*** RECORDS PROVIDED ***
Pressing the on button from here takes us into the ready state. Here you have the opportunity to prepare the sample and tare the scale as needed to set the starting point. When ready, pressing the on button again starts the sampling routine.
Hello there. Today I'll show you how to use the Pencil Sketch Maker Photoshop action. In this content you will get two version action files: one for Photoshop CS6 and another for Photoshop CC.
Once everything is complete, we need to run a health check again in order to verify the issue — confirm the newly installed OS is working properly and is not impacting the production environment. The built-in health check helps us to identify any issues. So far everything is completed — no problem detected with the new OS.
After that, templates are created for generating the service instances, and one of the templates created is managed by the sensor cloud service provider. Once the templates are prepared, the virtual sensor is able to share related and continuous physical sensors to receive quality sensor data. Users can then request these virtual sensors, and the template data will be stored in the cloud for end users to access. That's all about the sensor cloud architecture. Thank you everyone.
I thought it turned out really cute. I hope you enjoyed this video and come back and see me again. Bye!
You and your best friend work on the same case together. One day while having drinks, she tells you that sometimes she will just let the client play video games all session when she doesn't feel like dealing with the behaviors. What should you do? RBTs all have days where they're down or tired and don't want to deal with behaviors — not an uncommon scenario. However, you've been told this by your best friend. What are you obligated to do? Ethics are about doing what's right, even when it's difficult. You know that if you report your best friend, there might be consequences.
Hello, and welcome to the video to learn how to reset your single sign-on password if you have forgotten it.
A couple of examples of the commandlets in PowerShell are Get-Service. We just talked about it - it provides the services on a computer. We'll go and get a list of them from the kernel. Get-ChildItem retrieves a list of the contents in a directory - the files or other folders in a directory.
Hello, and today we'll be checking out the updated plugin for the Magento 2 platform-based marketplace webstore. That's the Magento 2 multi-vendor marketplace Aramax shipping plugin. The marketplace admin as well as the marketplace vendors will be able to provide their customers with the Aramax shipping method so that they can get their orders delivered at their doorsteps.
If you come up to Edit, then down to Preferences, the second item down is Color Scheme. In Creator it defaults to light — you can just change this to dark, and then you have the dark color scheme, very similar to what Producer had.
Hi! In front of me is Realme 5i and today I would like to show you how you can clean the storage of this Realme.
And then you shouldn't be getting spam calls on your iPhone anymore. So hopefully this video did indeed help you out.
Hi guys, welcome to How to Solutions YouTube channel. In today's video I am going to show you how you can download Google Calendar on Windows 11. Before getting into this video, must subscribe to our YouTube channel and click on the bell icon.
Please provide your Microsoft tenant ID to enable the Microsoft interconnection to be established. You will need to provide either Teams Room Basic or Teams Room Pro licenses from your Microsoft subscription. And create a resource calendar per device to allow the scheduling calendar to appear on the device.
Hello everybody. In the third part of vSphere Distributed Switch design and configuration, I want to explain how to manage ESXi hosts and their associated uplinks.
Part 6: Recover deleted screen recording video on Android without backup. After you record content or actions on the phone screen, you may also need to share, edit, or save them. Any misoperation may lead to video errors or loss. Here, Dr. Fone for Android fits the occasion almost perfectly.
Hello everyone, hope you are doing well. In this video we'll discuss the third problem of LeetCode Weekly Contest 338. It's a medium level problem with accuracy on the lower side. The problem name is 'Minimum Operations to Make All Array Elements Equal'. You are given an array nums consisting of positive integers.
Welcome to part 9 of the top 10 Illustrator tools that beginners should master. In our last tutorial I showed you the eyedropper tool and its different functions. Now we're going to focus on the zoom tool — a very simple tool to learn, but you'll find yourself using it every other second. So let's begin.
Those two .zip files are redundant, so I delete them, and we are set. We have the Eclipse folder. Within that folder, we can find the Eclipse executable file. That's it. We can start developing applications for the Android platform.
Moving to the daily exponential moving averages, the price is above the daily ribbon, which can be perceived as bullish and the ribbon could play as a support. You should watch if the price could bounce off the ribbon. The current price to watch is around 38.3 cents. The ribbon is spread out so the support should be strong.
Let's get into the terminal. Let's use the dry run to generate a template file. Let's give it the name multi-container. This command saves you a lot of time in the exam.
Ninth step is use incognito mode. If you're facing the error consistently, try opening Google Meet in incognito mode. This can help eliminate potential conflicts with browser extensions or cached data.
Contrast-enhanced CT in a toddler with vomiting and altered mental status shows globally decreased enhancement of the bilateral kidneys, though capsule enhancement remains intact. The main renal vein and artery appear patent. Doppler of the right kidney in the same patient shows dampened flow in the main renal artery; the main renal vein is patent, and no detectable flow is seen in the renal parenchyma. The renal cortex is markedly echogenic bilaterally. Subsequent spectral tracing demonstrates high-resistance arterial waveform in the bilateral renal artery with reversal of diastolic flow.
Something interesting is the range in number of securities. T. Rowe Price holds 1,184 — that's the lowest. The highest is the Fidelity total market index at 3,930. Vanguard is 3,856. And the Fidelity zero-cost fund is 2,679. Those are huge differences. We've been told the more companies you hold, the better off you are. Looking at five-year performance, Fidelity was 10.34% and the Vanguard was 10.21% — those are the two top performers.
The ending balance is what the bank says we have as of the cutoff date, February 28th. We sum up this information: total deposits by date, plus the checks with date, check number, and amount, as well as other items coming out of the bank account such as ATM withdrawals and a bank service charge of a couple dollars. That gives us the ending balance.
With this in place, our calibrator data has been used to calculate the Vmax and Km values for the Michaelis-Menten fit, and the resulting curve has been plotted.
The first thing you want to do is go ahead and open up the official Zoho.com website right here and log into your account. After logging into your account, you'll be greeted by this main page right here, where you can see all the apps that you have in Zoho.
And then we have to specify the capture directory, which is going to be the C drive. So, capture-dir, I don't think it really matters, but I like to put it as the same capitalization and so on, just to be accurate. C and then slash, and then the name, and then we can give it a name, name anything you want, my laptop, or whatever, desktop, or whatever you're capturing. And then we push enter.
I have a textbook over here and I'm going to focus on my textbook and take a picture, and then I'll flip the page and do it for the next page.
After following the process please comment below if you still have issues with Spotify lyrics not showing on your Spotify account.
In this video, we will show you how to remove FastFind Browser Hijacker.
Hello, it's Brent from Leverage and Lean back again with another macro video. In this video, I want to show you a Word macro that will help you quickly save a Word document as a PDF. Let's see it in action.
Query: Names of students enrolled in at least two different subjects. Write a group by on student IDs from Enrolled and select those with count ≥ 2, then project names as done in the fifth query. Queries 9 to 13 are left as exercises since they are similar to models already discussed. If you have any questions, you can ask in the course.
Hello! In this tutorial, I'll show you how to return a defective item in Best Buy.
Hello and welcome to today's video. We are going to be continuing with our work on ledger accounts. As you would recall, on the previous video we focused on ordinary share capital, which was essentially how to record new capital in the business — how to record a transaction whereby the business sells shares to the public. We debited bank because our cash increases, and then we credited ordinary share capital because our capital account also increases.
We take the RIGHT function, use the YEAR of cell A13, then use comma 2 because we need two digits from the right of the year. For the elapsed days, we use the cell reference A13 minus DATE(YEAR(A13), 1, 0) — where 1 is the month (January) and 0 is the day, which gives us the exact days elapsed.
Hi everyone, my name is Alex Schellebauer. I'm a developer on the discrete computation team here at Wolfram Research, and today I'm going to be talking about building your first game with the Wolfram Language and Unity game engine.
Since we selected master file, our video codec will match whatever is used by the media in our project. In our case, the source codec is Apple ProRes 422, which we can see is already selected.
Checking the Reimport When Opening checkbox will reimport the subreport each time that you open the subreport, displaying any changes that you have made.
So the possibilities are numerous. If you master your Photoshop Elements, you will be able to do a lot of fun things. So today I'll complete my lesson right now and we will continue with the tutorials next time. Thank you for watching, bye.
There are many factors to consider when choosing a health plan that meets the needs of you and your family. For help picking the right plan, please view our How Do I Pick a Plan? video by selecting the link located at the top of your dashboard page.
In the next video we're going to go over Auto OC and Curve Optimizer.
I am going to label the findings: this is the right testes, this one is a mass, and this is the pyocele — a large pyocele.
*** End of RECORDS PROVIDED ***
• AIM OF THE EXERCISE: Could you repeat every record word for word?

• OUTPUT:
Pressing the on button from here takes us into the ready state. Here you have the opportunity to prepare the sample and tare the scale as needed to set the starting point. When ready, pressing the on button again starts the sampling routine.
Hello there. Today I'll show you how to use the Pencil Sketch Maker Photoshop action. In this content you will get two version action files: one for Photoshop CS6 and another for Photoshop CC.
Once everything is complete, we need to run a health check again in order to verify the issue — confirm the newly installed OS is working properly and is not impacting the production environment. The built-in health check helps us to identify any issues. So far everything is completed — no problem detected with the new OS.
After that, templates are created for generating the service instances, and one of the templates created is managed by the sensor cloud service provider. Once the templates are prepared, the virtual sensor is able to share related and continuous physical sensors to receive quality sensor data. Users can then request these virtual sensors, and the template data will be stored in the cloud for end users to access. That's all about the sensor cloud architecture. Thank you everyone.
I thought it turned out really cute. I hope you enjoyed this video and come back and see me again. Bye!
You and your best friend work on the same case together. One day while having drinks, she tells you that sometimes she will just let the client play video games all session when she doesn't feel like dealing with the behaviors. What should you do? RBTs all have days where they're down or tired and don't want to deal with behaviors — not an uncommon scenario. However, you've been told this by your best friend. What are you obligated to do? Ethics are about doing what's right, even when it's difficult. You know that if you report your best friend, there might be consequences.
Hello, and welcome to the video to learn how to reset your single sign-on password if you have forgotten it.
A couple of examples of the commandlets in PowerShell are Get-Service. We just talked about it - it provides the services on a computer. We'll go and get a list of them from the kernel. Get-ChildItem retrieves a list of the contents in a directory - the files or other folders in a directory.
Hello, and today we'll be checking out the updated plugin for the Magento 2 platform-based marketplace webstore. That's the Magento 2 multi-vendor marketplace Aramax shipping plugin. The marketplace admin as well as the marketplace vendors will be able to provide their customers with the Aramax shipping method so that they can get their orders delivered at their doorsteps.
If you come up to Edit, then down to Preferences, the second item down is Color Scheme. In Creator it defaults to light — you can just change this to dark, and then you have the dark color scheme, very similar to what Producer had.
Hi! In front of me is Realme 5i and today I would like to show you how you can clean the storage of this Realme.
And then you shouldn't be getting spam calls on your iPhone anymore. So hopefully this video did indeed help you out.
Hi guys, welcome to How to Solutions YouTube channel. In today's video I am going to show you how you can download Google Calendar on Windows 11. Before getting into this video, must subscribe to our YouTube channel and click on the bell icon.
Please provide your Microsoft tenant ID to enable the Microsoft interconnection to be established. You will need to provide either Teams Room Basic or Teams Room Pro licenses from your Microsoft subscription. And create a resource calendar per device to allow the scheduling calendar to appear on the device.
Hello everybody. In the third part of vSphere Distributed Switch design and configuration, I want to explain how to manage ESXi hosts and their associated uplinks.
Part 6: Recover deleted screen recording video on Android without backup. After you record content or actions on the phone screen, you may also need to share, edit, or save them. Any misoperation may lead to video errors or loss. Here, Dr. Fone for Android fits the occasion almost perfectly.
Hello everyone, hope you are doing well. In this video we'll discuss the third problem of LeetCode Weekly Contest 338. It's a medium level problem with accuracy on the lower side. The problem name is 'Minimum Operations to Make All Array Elements Equal'. You are given an array nums consisting of positive integers.
Welcome to part 9 of the top 10 Illustrator tools that beginners should master. In our last tutorial I showed you the eyedropper tool and its different functions. Now we're going to focus on the zoom tool — a very simple tool to learn, but you'll find yourself using it every other second. So let's begin.
Those two .zip files are redundant, so I delete them, and we are set. We have the Eclipse folder. Within that folder, we can find the Eclipse executable file. That's it. We can start developing applications for the Android platform.
Moving to the daily exponential moving averages, the price is above the daily ribbon, which can be perceived as bullish and the ribbon could play as a support. You should watch if the price could bounce off the ribbon. The current price to watch is around 38.3 cents. The ribbon is spread out so the support should be strong.
Let's get into the terminal. Let's use the dry run to generate a template file. Let's give it the name multi-container. This command saves you a lot of time in the exam.
Ninth step is use incognito mode. If you're facing the error consistently, try opening Google Meet in incognito mode. This can help eliminate potential conflicts with browser extensions or cached data.
Contrast-enhanced CT in a toddler with vomiting and altered mental status shows globally decreased enhancement of the bilateral kidneys, though capsule enhancement remains intact. The main renal vein and artery appear patent. Doppler of the right kidney in the same patient shows dampened flow in the main renal artery; the main renal vein is patent, and no detectable flow is seen in the renal parenchyma. The renal cortex is markedly echogenic bilaterally. Subsequent spectral tracing demonstrates high-resistance arterial waveform in the bilateral renal artery with reversal of diastolic flow.
Something interesting is the range in number of securities. T. Rowe Price holds 1,184 — that's the lowest. The highest is the Fidelity total market index at 3,930. Vanguard is 3,856. And the Fidelity zero-cost fund is 2,679. Those are huge differences. We've been told the more companies you hold, the better off you are. Looking at five-year performance, Fidelity was 10.34% and the Vanguard was 10.21% — those are the two top performers.
The ending balance is what the bank says we have as of the cutoff date, February 28th. We sum up this information: total deposits by date, plus the checks with date, check number, and amount, as well as other items coming out of the bank account such as ATM withdrawals and a bank service charge of a couple dollars. That gives us the ending balance.
With this in place, our calibrator data has been used to calculate the Vmax and Km values for the Michaelis-Menten fit, and the resulting curve has been plotted.
The first thing you want to do is go ahead and open up the official Zoho.com website right here and log into your account. After logging into your account, you'll be greeted by this main page right here, where you can see all the apps that you have in Zoho.
And then we have to specify the capture directory, which is going to be the C drive. So, capture-dir, I don't think it really matters, but I like to put it as the same capitalization and so on, just to be accurate. C and then slash, and then the name, and then we can give it a name, name anything you want, my laptop, or whatever, desktop, or whatever you're capturing. And then we push enter.
I have a textbook over here and I'm going to focus on my textbook and take a picture, and then I'll flip the page and do it for the next page.
After following the process please comment below if you still have issues with Spotify lyrics not showing on your Spotify account.
In this video, we will show you how to remove FastFind Browser Hijacker.
Hello, it's Brent from Leverage and Lean back again with another macro video. In this video, I want to show you a Word macro that will help you quickly save a Word document as a PDF. Let's see it in action.
Query: Names of students enrolled in at least two different subjects. Write a group by on student IDs from Enrolled and select those with count ≥ 2, then project names as done in the fifth query. Queries 9 to 13 are left as exercises since they are similar to models already discussed. If you have any questions, you can ask in the course.
Hello! In this tutorial, I'll show you how to return a defective item in Best Buy.
Hello and welcome to today's video. We are going to be continuing with our work on ledger accounts. As you would recall, on the previous video we focused on ordinary share capital, which was essentially how to record new capital in the business — how to record a transaction whereby the business sells shares to the public. We debited bank because our cash increases, and then we credited ordinary share capital because our capital account also increases.
We take the RIGHT function, use the YEAR of cell A13, then use comma 2 because we need two digits from the right of the year. For the elapsed days, we use the cell reference A13 minus DATE(YEAR(A13), 1, 0) — where 1 is the month (January) and 0 is the day, which gives us the exact days elapsed.
Hi everyone, my name is Alex Schellebauer. I'm a developer on the discrete computation team here at Wolfram Research, and today I'm going to be talking about building your first game with the Wolfram Language and Unity game engine.
Since we selected master file, our video codec will match whatever is used by the media in our project. In our case, the source codec is Apple ProRes 422, which we can see is already selected.
Checking the Reimport When Opening checkbox will reimport the subreport each time that you open the subreport, displaying any changes that you have made.
So the possibilities are numerous. If you master your Photoshop Elements, you will be able to do a lot of fun things. So today I'll complete my lesson right now and we will continue with the tutorials next time. Thank you for watching, bye.
There are many factors to consider when choosing a health plan that meets the needs of you and your family. For help picking the right plan, please view our How Do I Pick a Plan? video by selecting the link located at the top of your dashboard page.
In the next video we're going to go over Auto OC and Curve Optimizer.
I am going to label the findings: this is the right testes, this one is a mass, and this is the pyocele — a large pyocele.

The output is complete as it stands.